Copy, pictures aside: the lines below from the one that holds "CLOSE-UP OF TURTLE IN WATER" through the final line of the listing, both ends included, exactly as they are and nothing else.
***
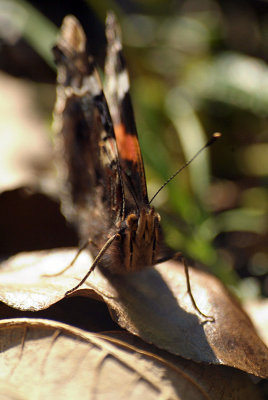 Red Admiral Resting 32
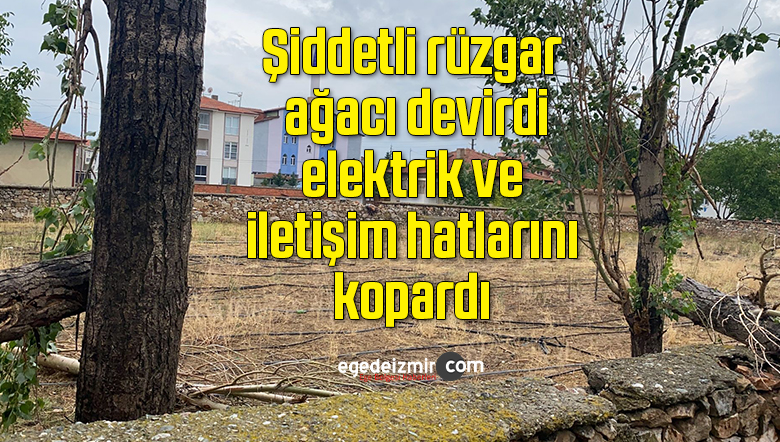 rüzgar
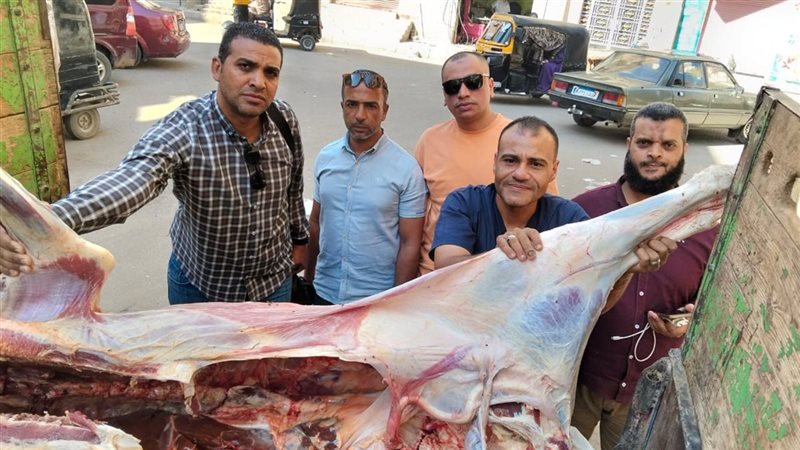 بيطري أسيوط يضبط عجلا مذبوحا خارج المجازر الحكومية ومصابا بالصفراء قبل بيعه للمواطنين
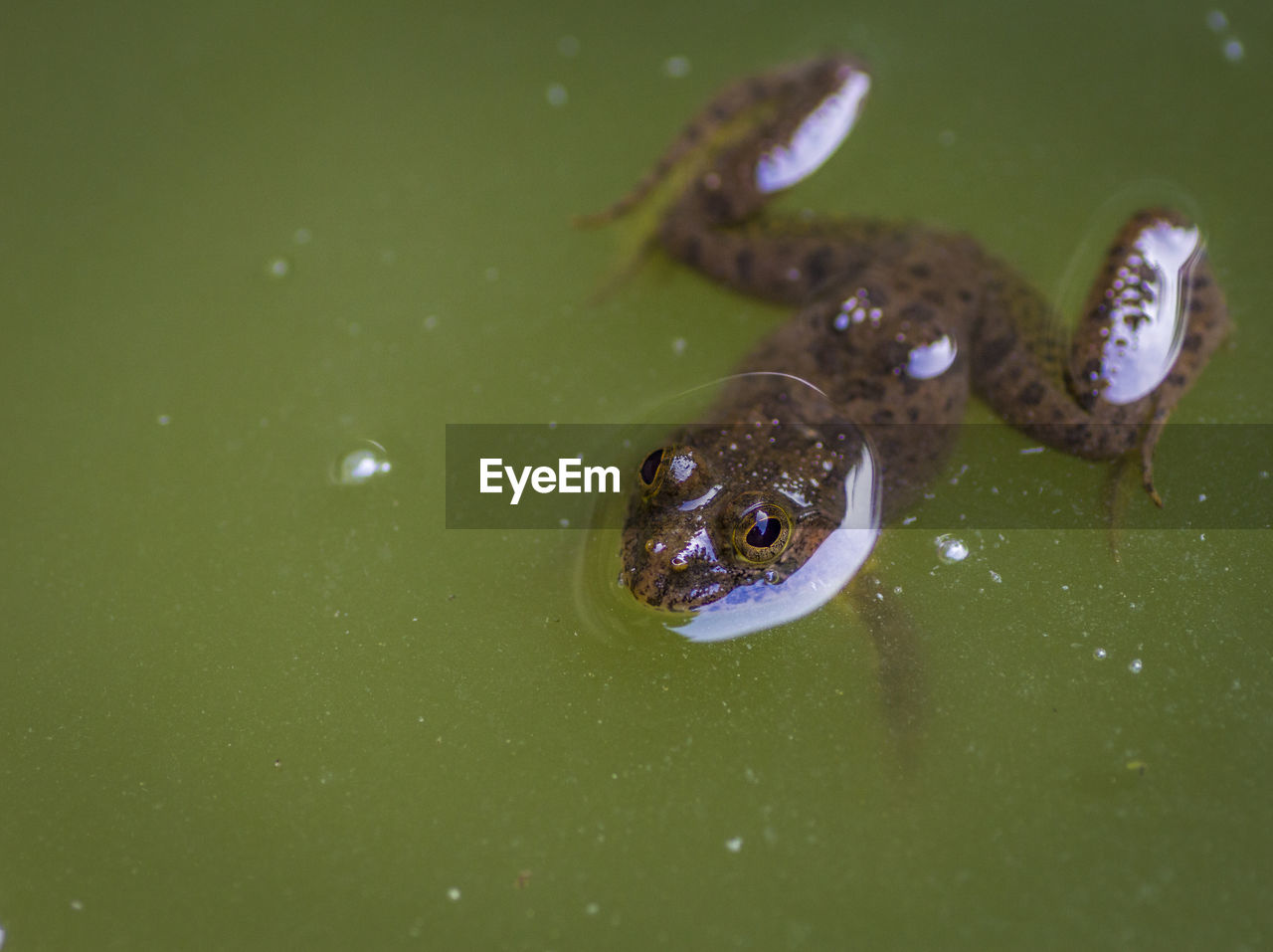CLOSE-UP OF TURTLE IN WATER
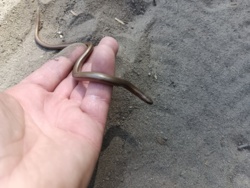 5a6aa205-01aa-47f9-8c21-a980d55a82b9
***
__YOUR SOLUTION__
CLOSE-UP OF TURTLE IN WATER
 5a6aa205-01aa-47f9-8c21-a980d55a82b9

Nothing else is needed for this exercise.